New initiatives put regional health security at the forefront of Australian aid priorities

Greg Hunt, Australian minister for health (left) and Dr. Shin Young-soo, World Health Organization Regional Director for the Western Pacific (right) at the 68th Session of the WHO Regional Committee for the Western Pacific held in Brisbane, Australia. Photo by: WHO

BRISBANE, Australia — It has been 20 years since Australia last hosted the World Health Organization Regional Committee for the Western Pacific.
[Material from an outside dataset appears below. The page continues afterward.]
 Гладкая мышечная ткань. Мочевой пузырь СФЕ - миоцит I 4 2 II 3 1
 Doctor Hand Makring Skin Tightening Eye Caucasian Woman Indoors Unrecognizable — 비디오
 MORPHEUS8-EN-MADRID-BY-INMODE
This year, as host of the 68th session in Brisbane from October 9 to 13, Australia marked the occasion with major announcements committing the government to support detection, preparation, and response on issues impacting the health security of the region.
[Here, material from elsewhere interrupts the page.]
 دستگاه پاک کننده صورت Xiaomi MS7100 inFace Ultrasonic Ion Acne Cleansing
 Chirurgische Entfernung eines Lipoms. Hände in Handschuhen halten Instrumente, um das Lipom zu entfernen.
The launch of a 300 million Australian dollar ($233 million) Indo-Pacific Health Security Initiative by the Department of Foreign Affairs and Trade and Australia’s Therapeutic Goods Administration — part of the Australian Government Department of Health — was the big ticket item targeting existing and emerging infectious diseases in Australia and surrounding countries, with the initial focus on drug-resistant tuberculosis and malaria in the Indo-Pacific region.

Led by the Indo-Pacific Centre for Health Security, a new unit within DFAT, initial investments include 75 million Australian dollars ($58 million) in grant funding for Product Development Partnerships, 20 million Australian dollars ($16 million) for WHO’s health emergencies programs, and a new Health Security Corps to encourage Australian health professionals to share expert knowledge with other health professionals in the region.
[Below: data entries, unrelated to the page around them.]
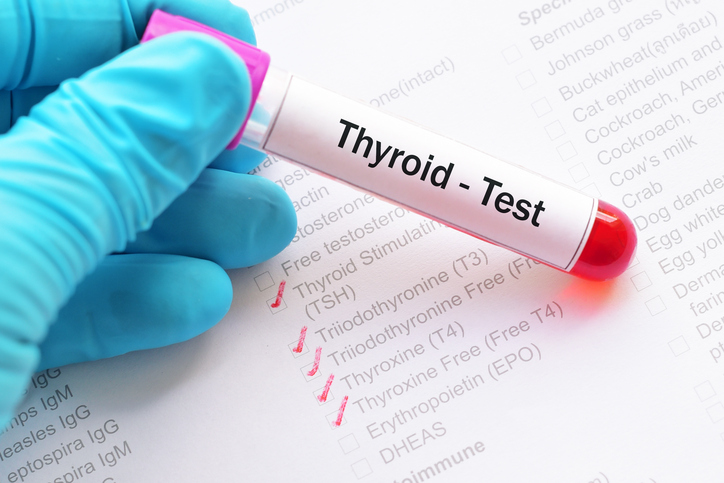 Thyroid hormone test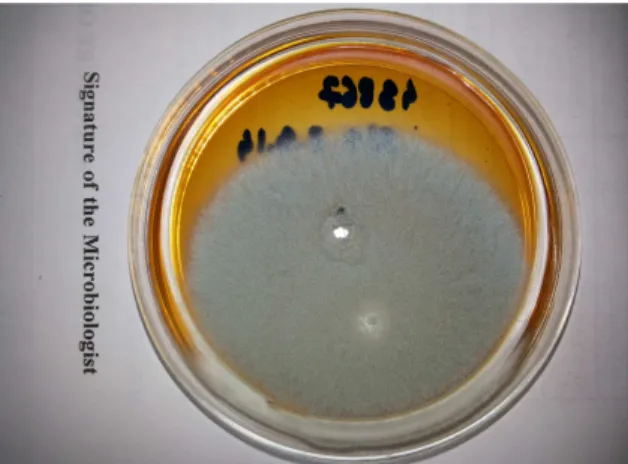 Figure  1  Reverse  view  of  colony  morphology  of  Trichophyton mentagrophyte 14 days after incubation  in Saboraud’s dextrose agar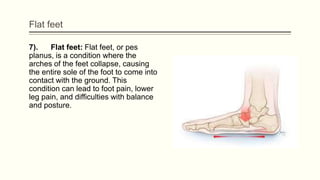 Flat feet
7). Flat feet: Flat feet, or pes
planus, is a condition where the
arches of the feet collapse, causing
the entire sole of the foot to come into
contact with the ground. This
condition can lead to foot pain, lower
leg pain, and difficulties with balance
and posture.
 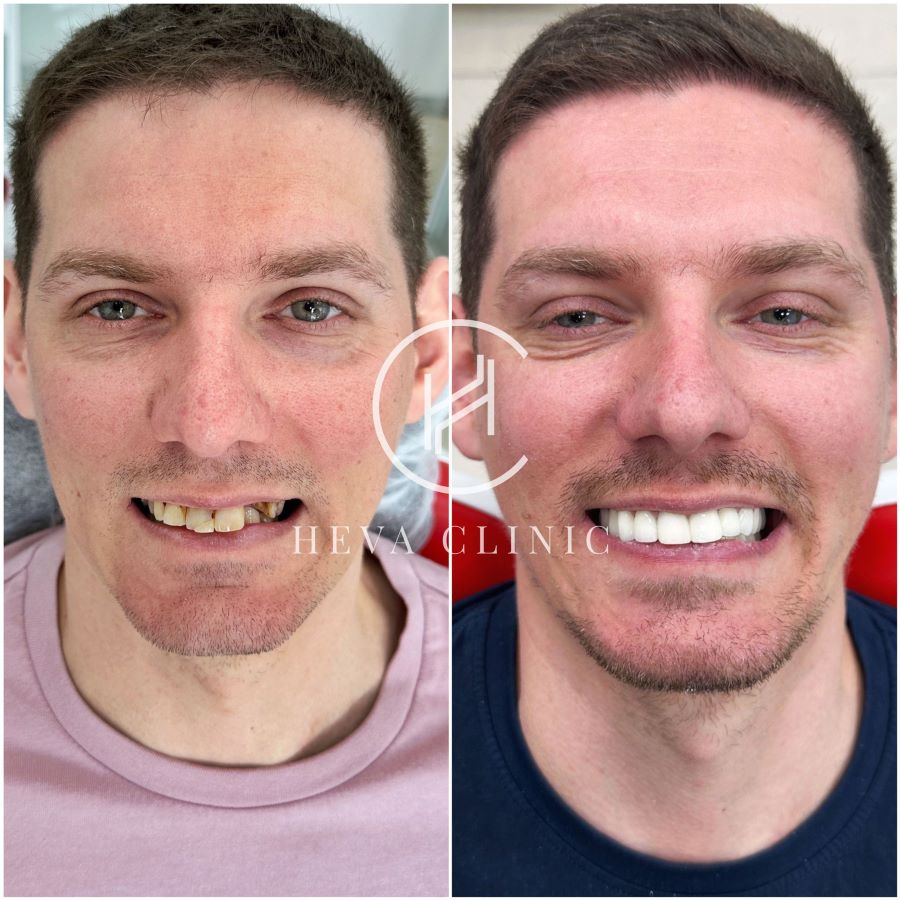 Before and After' Teeth Repair Results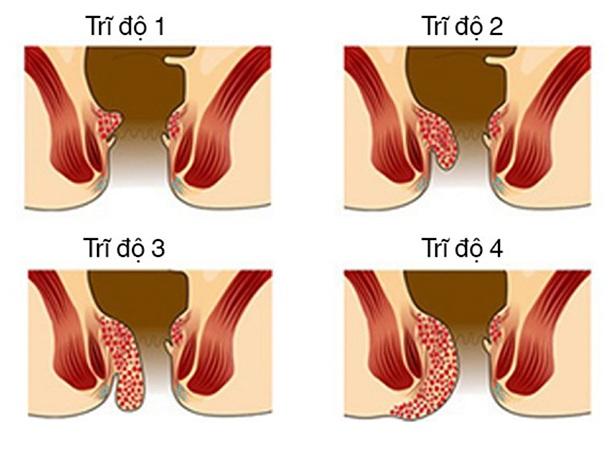 Các cấp độ bệnh trĩ nội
Australia’s commitment to the health of the region was additionally demonstrated through its signing of a Country Cooperation Strategy with WHO, making it the first developed country from the Western Pacific region to establish such a strategy. The agreement focuses on four key areas — regional health security, providing universal access to medical staff for countries in the region, improving broad health regulatory arrangements, and assisting WHO to achieve organizational excellence in supporting member countries and their health needs.

What is the benefit for Australia?

The new health announcements came as Shadow Minister for Foreign Affairs Penny Wong criticized the Australian aid program’s cut of funding to health programs. Some 11.3 billion Australian dollars ($8.8 billion) have been cut since 2011, according to Wong.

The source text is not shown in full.